*Source data*.
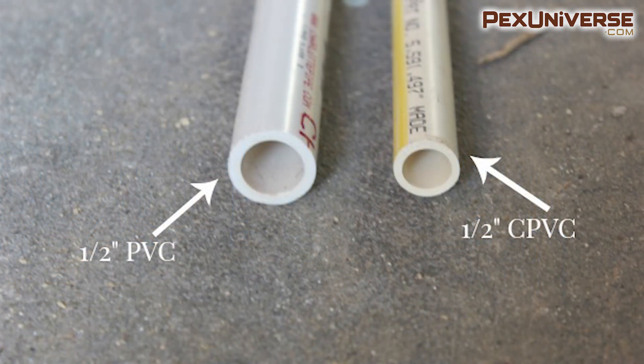Most North American PVC pipe uses a nominal pipe size (NPS), while CPVC is available in either NPS standard sizing or CTS sizing, which stands for copper tube size.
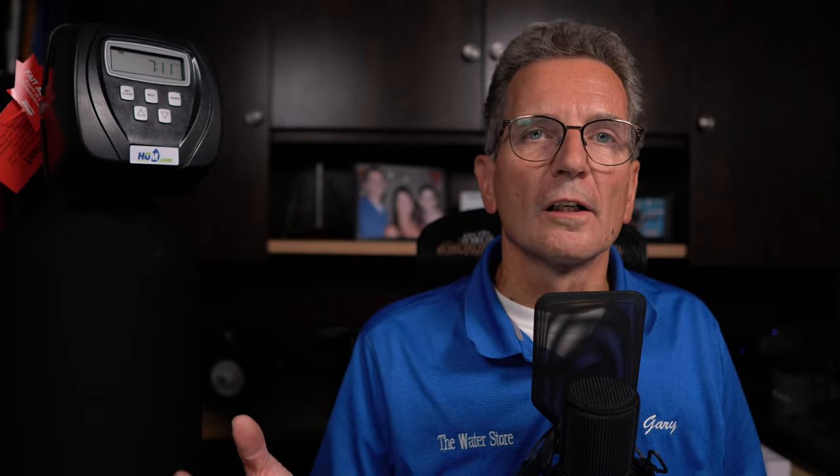Let's talk about exercising your bypass valve. Pretty much every water softener these days has a bypass valve built in. You need to exercise it — move it from bypass to service position and back — from time to time. If you don't, these things seize up. One good reason to use the bypass is when filling a swimming pool or putting in a new lawn, so you're not running softened water through the system unnecessarily.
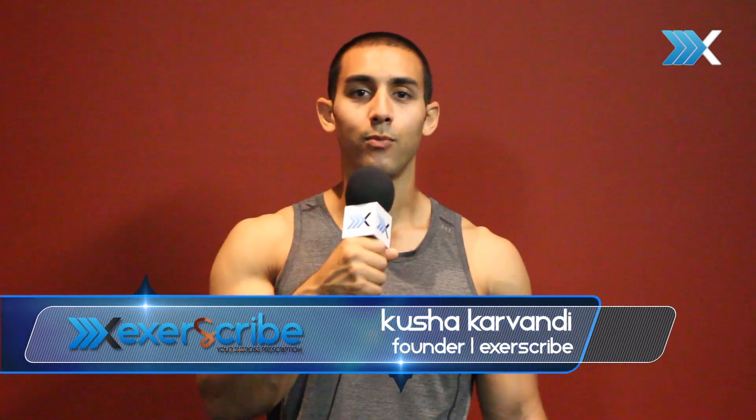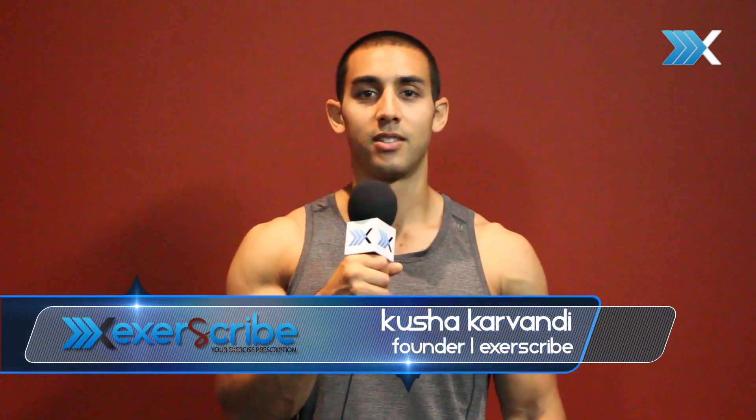Hey guys, this is Kusha with ExtraScribe TV. One exercise I really like for abs is the rope crunch.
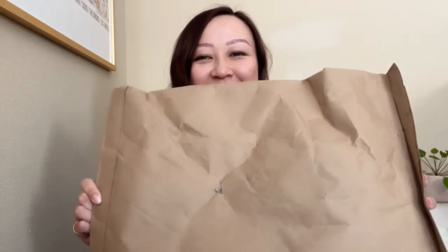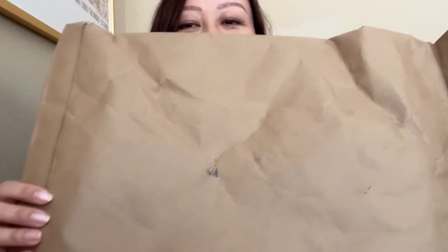So without further ado, let me show you. First, how it arrived. It arrived in this bag — I've taken off the label, but I wanted to show you how poorly packaged it was. I really appreciate that Coach is using eco-friendly packaging, but at the very least I was expecting it to come in a box, just so that it doesn't damage or affect the structure of the bag. I did want to show you that the little holes were already on this bag when it arrived. So yeah, that was the bag, not a box.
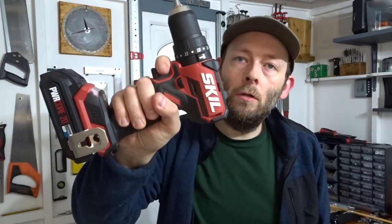Hi everyone and welcome back to the channel. Earlier this year Skill sent me this combi drill to use in some of my project videos and I've been using it quite a lot ever since. They didn't ask me to do this review video but I wanted to do it because I like doing review videos on power tools, and I thought if anybody watching is considering buying a new combi drill they might want to check out this video. So in this video I'll be unboxing, testing and reviewing this cordless brushless combi drill.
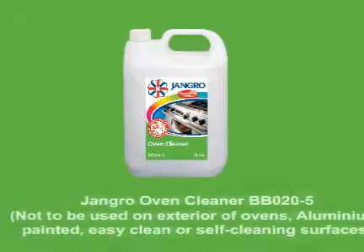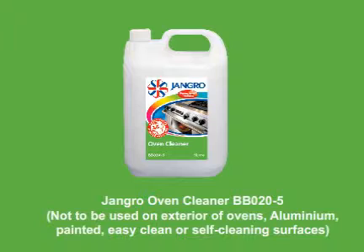Not to be used on the exterior of ovens, aluminium, painted easy clean or self-cleaning surfaces.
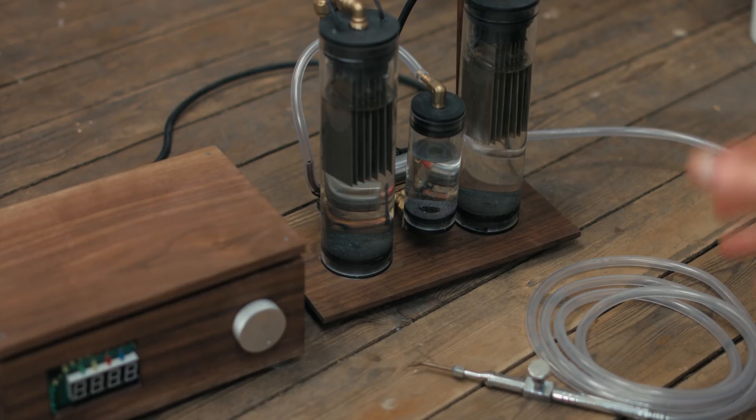So I hope you guys enjoyed this one — it's been a challenging project for sure. I would have got more shots of it working but the stainless plates have actually corroded a bit too much. I'll keep working on it though, and if you have any questions I'll be happy to answer them in the comments.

*Description of the task*. Copy exactly the lines of the entries above from the one containing "Hey guys, this" through the one containing "So without further". Both end lines count; pictures do not.

*Solved exercise*.
Hey guys, this is Kusha with ExtraScribe TV. One exercise I really like for abs is the rope crunch.
So without further ado, let me show you. First, how it arrived. It arrived in this bag — I've taken off the label, but I wanted to show you how poorly packaged it was. I really appreciate that Coach is using eco-friendly packaging, but at the very least I was expecting it to come in a box, just so that it doesn't damage or affect the structure of the bag. I did want to show you that the little holes were already on this bag when it arrived. So yeah, that was the bag, not a box.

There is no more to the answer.